The legislative assembly for the whole Church, entitled the General Convention, meets triennially or on special call. It consists of two associated bodies, the House of Bishops and the House of Deputies. These two Houses hold sessions and deliberate separately. The House of Bishops includes every Bishop of the American Church having jurisdiction, every Bishop Coadjutor, and every Bishop who has resigned his jurisdiction by reason of advanced age or bodily infirmity. All these are entitled to a seat and vote. The House of Deputies includes both clerical and lay delegates. Each diocese in union with the General Convention is represented in the House of Deputies by a maximum of four Presbyters canonically resident in the diocese, and a maximum of four laymen, communicants of the Church and resident in the diocese. Provision is also made for the representation of Missionary Districts. The House of Bishops sits in private, no audience be-ing'admitted. The House of Deputies, excepting when in executive session, admits the public by arrangement. The House of clerical and lay deputies votes by dioceses and orders. This method provides that the clerical delegates of a diocese vote on a matter to be decided, and a majority of votes constitutes an affirmative or negative unit vote of that order in that diocese. A similar procedure is required in the voting of lay delegates. A Missionary District represented has one fourth vote. For the passage of a measure the concurrence of the votes of the two orders, signifying their will in the above manner, is necessary by not less than a majority of the whole votes of each order. The General Convention is regularly convened in every third year on a fixed day in October.
There is no officer bearing the title of Archbishop. The senior Bishop, reckoned according to priority of consecration, is the Presiding Bishop of the Church in the United States. His functions are administrative and prescribed by the Constitution and Canons.

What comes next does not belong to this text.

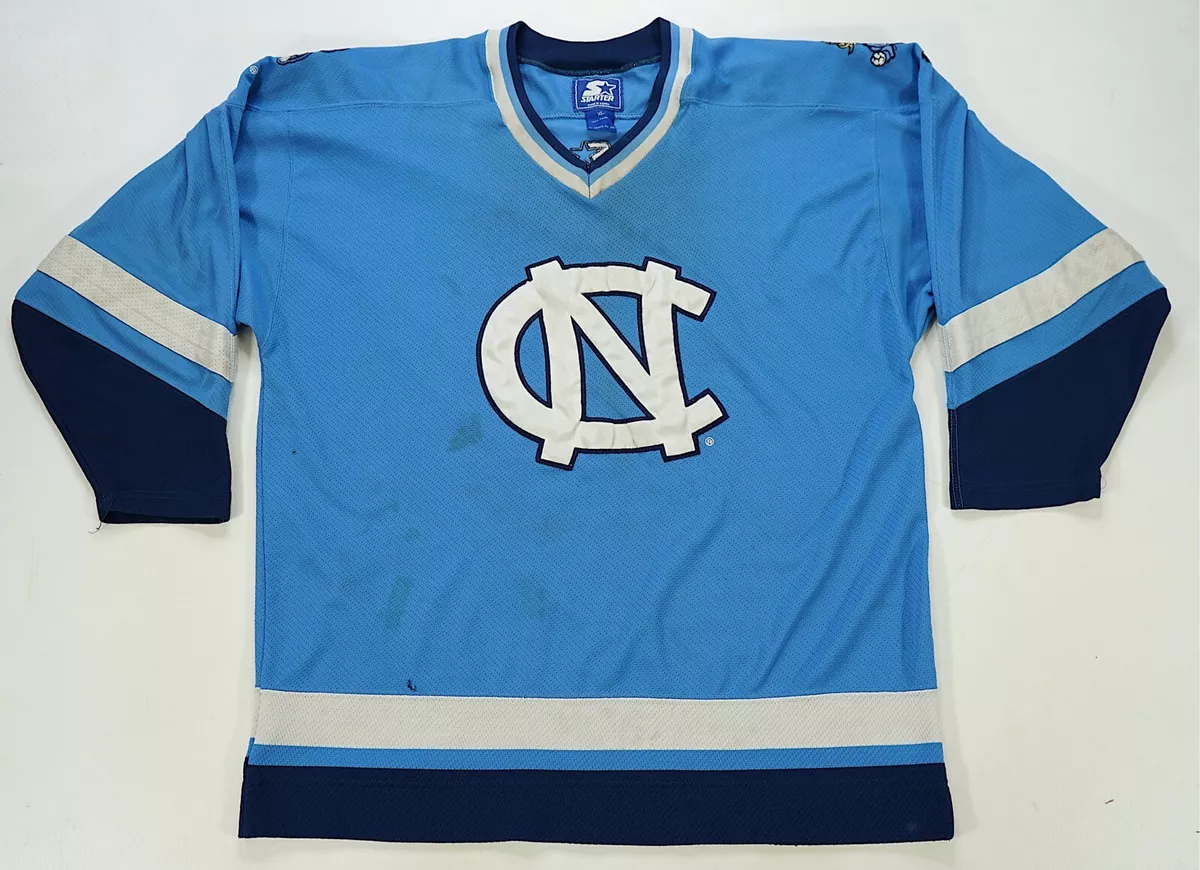 Michael Jordan North Carolina Tar Heels Vintage 90’s Nike hockey jersey  RARE!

The specific method by which a diocese chooses its Bishop or Coadjutor is left to the prescription of each particular diocese. When such selection shall have been made, it is required that a majority of the Standing Committees of all dioceses shall give assent to the man thus designated, after which a majority of the Bishops exercising jurisdiction in the United States must give consent. In case the election has taken place within three months of a session of General Convention, the consent of the dioceses as represented in the House of Deputies is required in place of the Standing Committees. By these arrangements the laity have a direct part in the election and confirmation of candidates for the episcopate.
The American Church makes provision for two classes of Bishops to assist the Bishop of the diocese in his work. The diocese may obtain the consent of General Convention or of a majority of the Bishops and diocesan Standing Committees to elect a Bishop Coadjutor, on grounds of extent of diocesan work, of age, or infirmity. The selection and confirmation then proceed in the usual way. Such a Coadjutor succeeds to the headship of the diocese automatically on the death or accepted resignation of the diocesan. He must also have assigned to him by the Bishop the duties which shall be definitely his. Only one Coadjutor is permitted in any diocese at the same time. Coadjutor Bishops have a seat and vote in the House of Bishops.
The Bishop of any diocese may on his own initiative ask for the assistance of a "Suffragan Bishop," on grounds not necessarily identical with the reasons for desiring a Coadjutor. No more than two Suffragans are permitted at any time to any diocese. A Suffragan Bishop is elected in the same method as other Bishops, but he has no right of succession to the headship of the diocese, nor may he become Coadjutor Bishop except by the action of the diocese proceeding through all preliminary steps de novo. On the other hand, the tenure of office of such Suffragans is not terminated by the death or removal of the Bishop of the diocese. A Suffragan may resign his position with the consent of the Bishops of the Church and also pf the Convention of the diocese. A Suffragan has neither seat nor vote in the House of Bishops.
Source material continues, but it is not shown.